The pressure of perfectionism is so hard to keep up with; and because I had good grades, the expectations I got from teachers and peers were set higher than I could reach. When getting anything lower than an A, it meant that I had made a mistake, that I was closer to being a failure each time. The transition from middle to high school had made it even worse because of the fact that grades now mattered even more than ever. 

I had cousins who graduated in 2020 from MHS, and my family expected me to be just as good, if not better, than them. They had been in honors classes, done summer school every year, had all A’s, and made it into great colleges. It took me until the first week of March this year to realize grades are not more important than just trying your best. I remember staring at my Powerschool grades, brightness all the way up, and my clock showing the time; 12:57 on a school night, looking at those grades, all the work I had put into them, just to see disappointment. It was just an A-, not a C or even a B, and then I realized that the only one disappointed by it was me. My parents were proud of me and my guidance counselor praised my good grades.

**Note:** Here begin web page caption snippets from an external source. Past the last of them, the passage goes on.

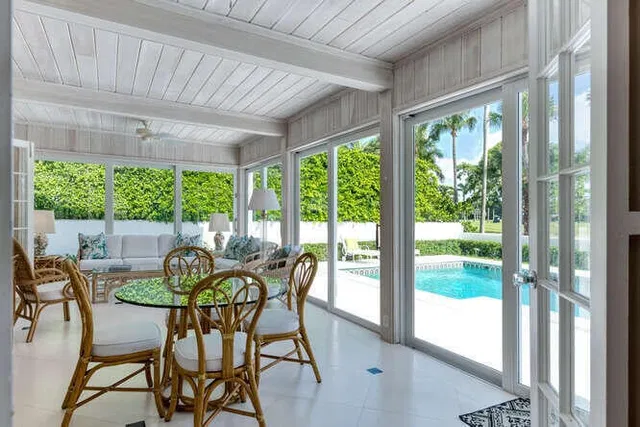In-Town Palm Beach Residence photo 8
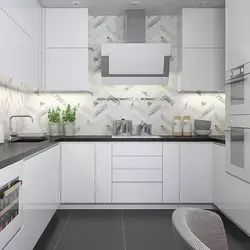 Дизайн фартука кухни в современном стиле в светлых тонах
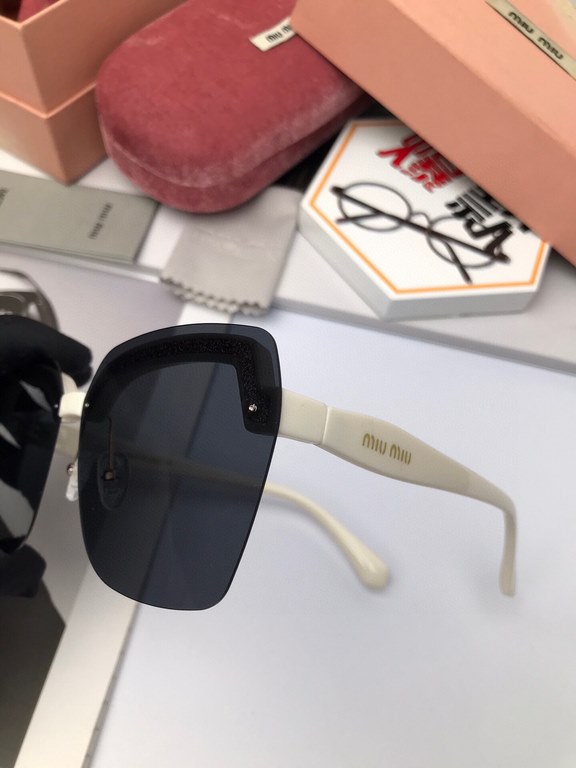 2021 New Brand miumiu  Miu Miu Women's Polarized Sunglasses  TR90 Frame  Imported Poly HD Polarized Lenses,  Color 3 color options. No. 5003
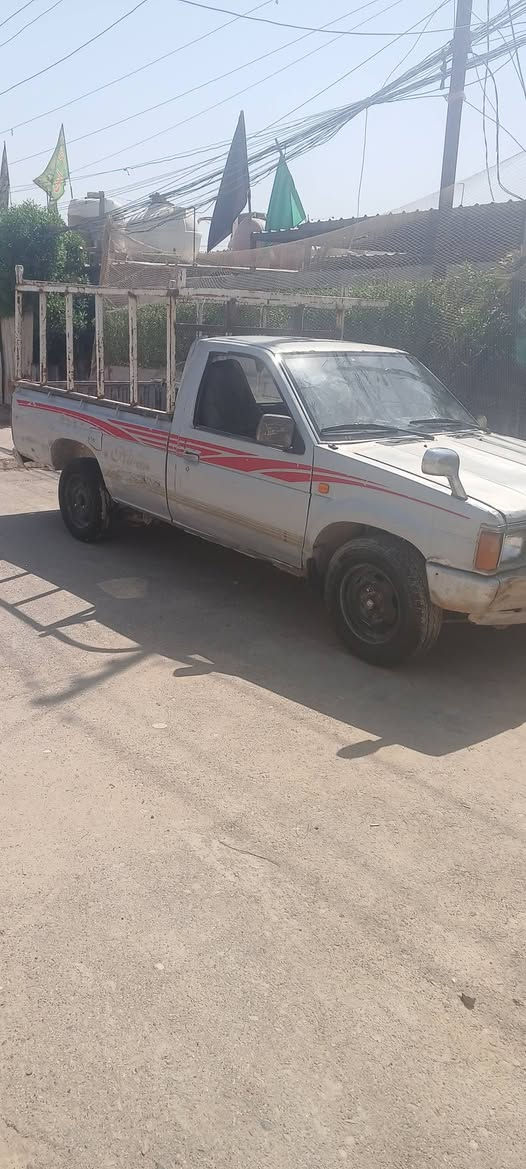 من رخصت مدير الكروب بيكم نيسان 5جنكال مكفول مكينةوكير وشاصي بلادية مامصبوغة موديل 91رقم واصط سعر32بيهة مجال ***********
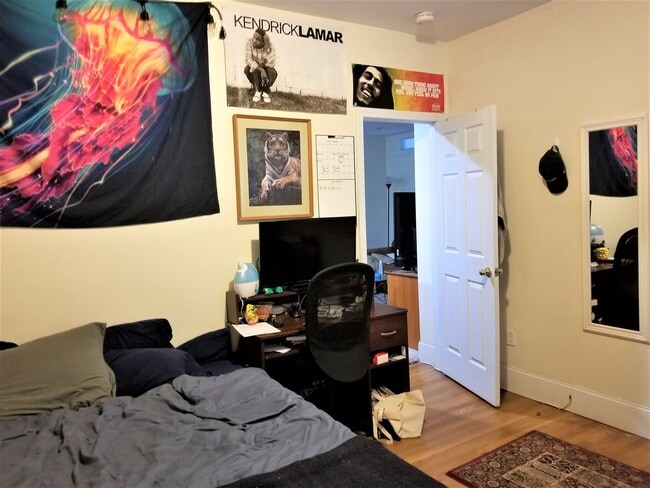 Photo - Boston University 3bed / 1bath available for September 2026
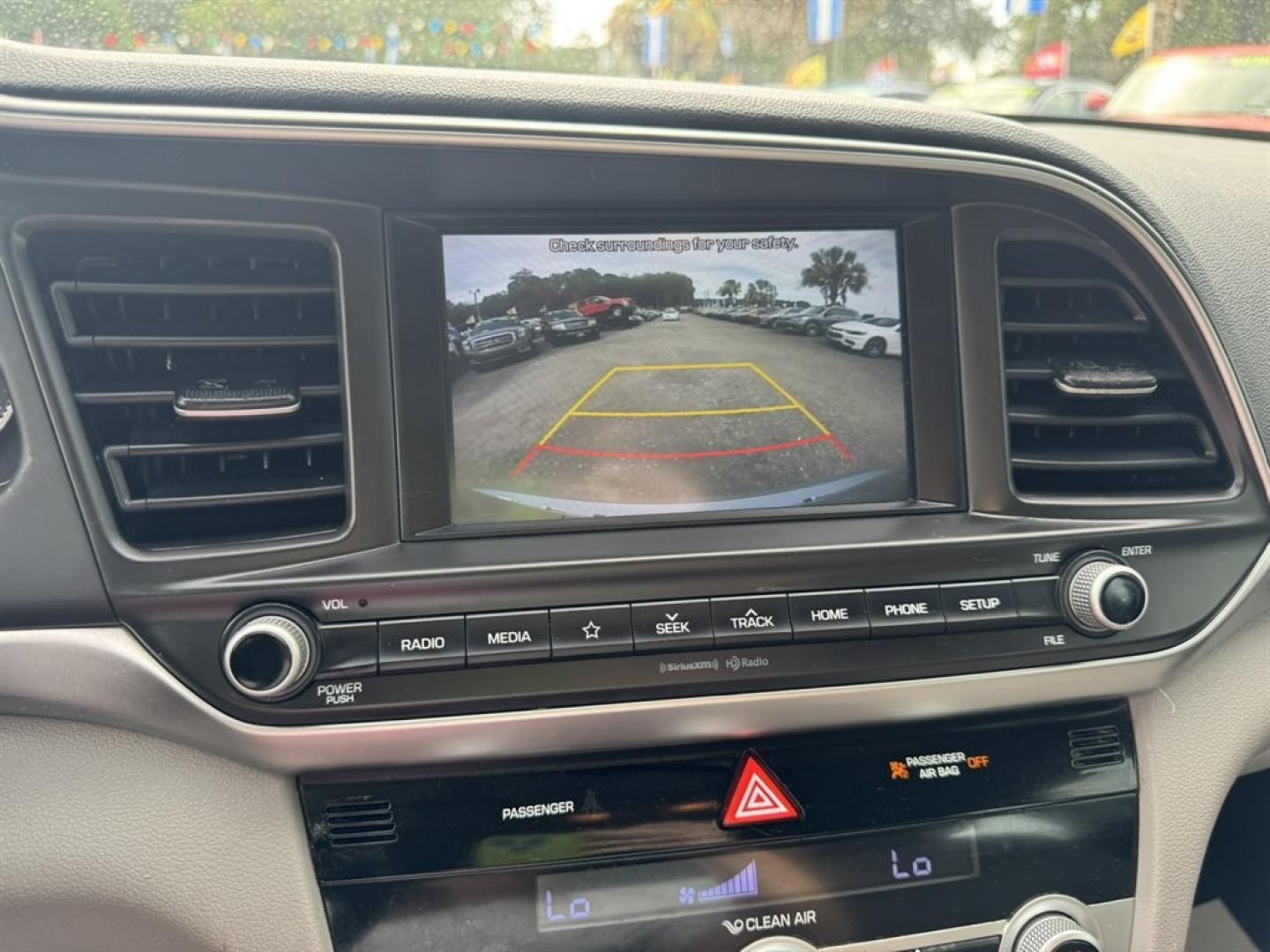 2020 Silver /Grey Hyundai Elantra (5NPD84LFXLH) with an 2.0l I-4 MPI Dohc 2.0l engine, Automatic transmission, located at 745 East Steele Rd., West Columbia, SC, 29170, (803) 755-9148, 33.927212, -81.148483- Photo#11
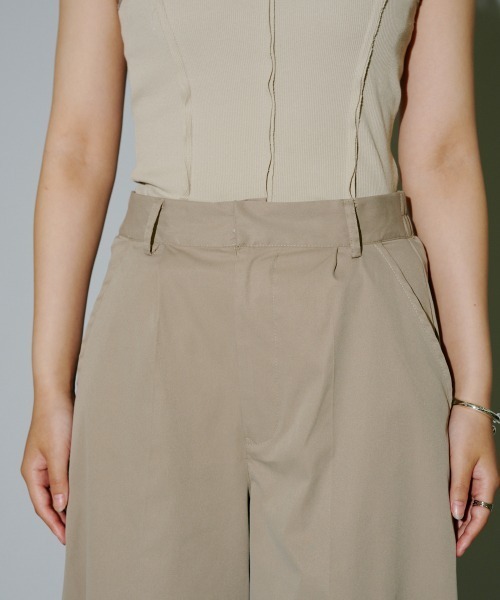 terrace（テラス）の「コクーンワイドチノパンツ（チノパンツ・レディース・ブラック/グレイッシュベージュ/カーキ・MEDIUM）」の19枚目の写真
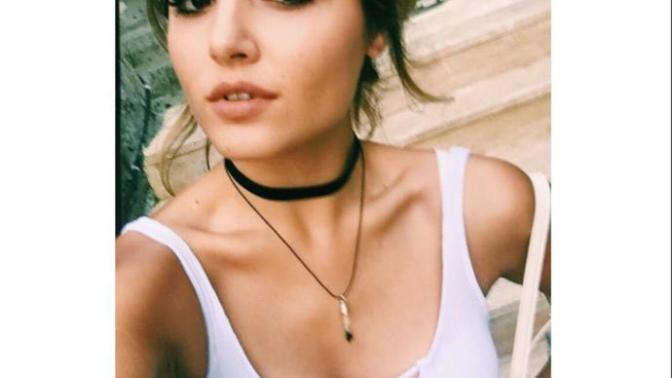 Hande Erçel Abartılıyor mu sizce yoksa güzel mi?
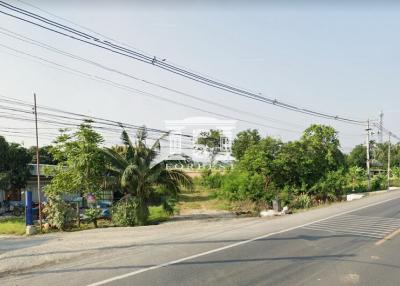 90585 - Land for sale, area 98-3-68 rai, along Khlong Raphiphat, Pathum Thani, near Northern Rangsit Golf Course.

These firm standards that I set for myself  to try to be perfect, and struggle to meet don’t make me feel good about grades, no matter how hard I try and how high the grades may be, they’re just never enough.

 Perfectionism affects so many students around me. It may help with achieving these high standards but lead to anxiety over small mistakes. I realize now that grades do not define me and this mindset that I had was hurting me more than it was helping. Now I can look at Powerschool and see a  B+ on my Dell laptop and not stress as much about it as I used to.